* Assignment:
Repeat the listing that follows exactly. Pictures are not part of the copy.

* Available data:

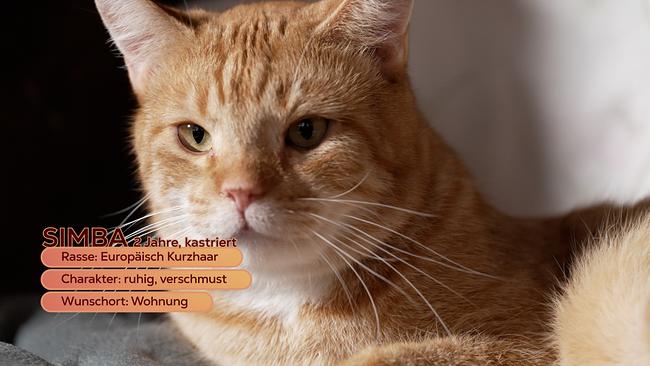 © ORF/Günther Pichlkostner Maggie Entenfellner stellt im Tierheim in Lochen folgende Tiere vor, die ein neues Zuhause suchen: die verspielten Babykatzen Caro und Carlos, der ruhige Kater Simba, Mischlingshündin Luna und Hündin Peggy.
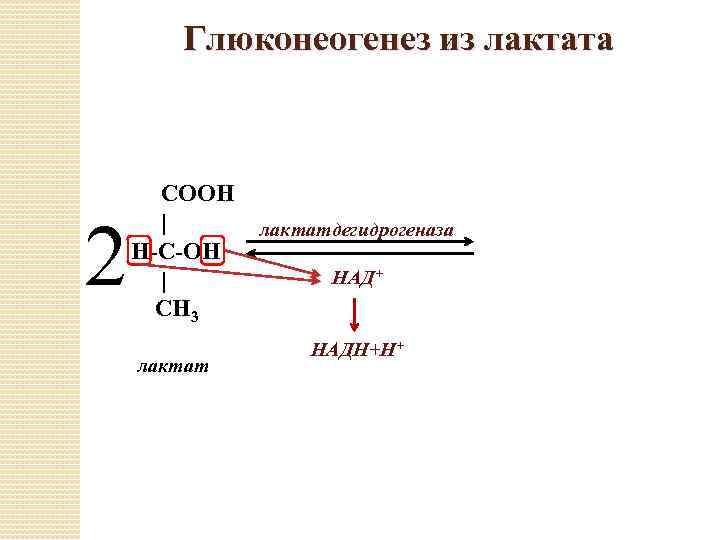Глюконеогенез из лактата 2 СООН | Н-С-ОН | СН 3 лактатдегидрогеназа НАД+ НАДН+Н+ 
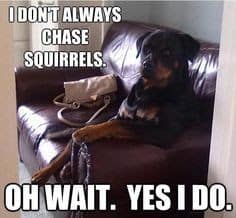 Rottweiler meme - i don't always chase squirrels. Oh wait. Yes i do.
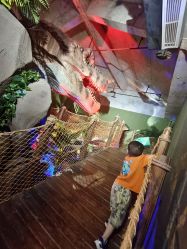 -恐龙探索乐园(磁器口店)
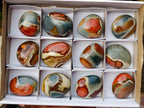 Polished Polychrome Jasper Palm Stones x 12 From NW Coast, Madagascar - Toprock Gemstones and Minerals 
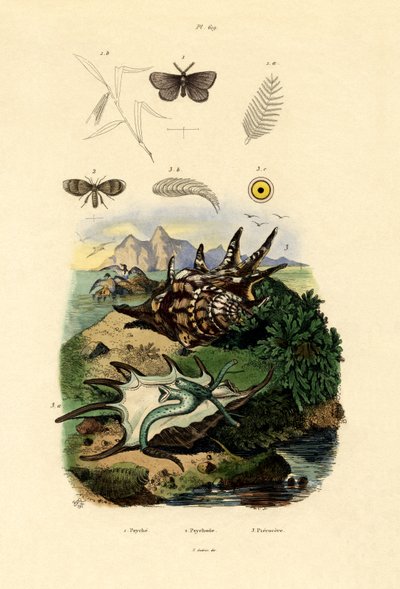 Black-spotted White by French School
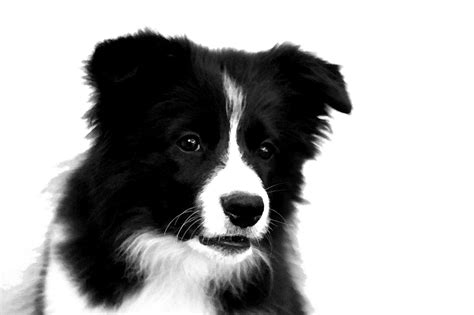 Border Collie Png Photos Png Mart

* Answer to the exercise:
 © ORF/Günther Pichlkostner Maggie Entenfellner stellt im Tierheim in Lochen folgende Tiere vor, die ein neues Zuhause suchen: die verspielten Babykatzen Caro und Carlos, der ruhige Kater Simba, Mischlingshündin Luna und Hündin Peggy.
Глюконеогенез из лактата 2 СООН | Н-С-ОН | СН 3 лактатдегидрогеназа НАД+ НАДН+Н+ 
 Rottweiler meme - i don't always chase squirrels. Oh wait. Yes i do.
 -恐龙探索乐园(磁器口店)
 Polished Polychrome Jasper Palm Stones x 12 From NW Coast, Madagascar - Toprock Gemstones and Minerals 
 Black-spotted White by French School
 Border Collie Png Photos Png Mart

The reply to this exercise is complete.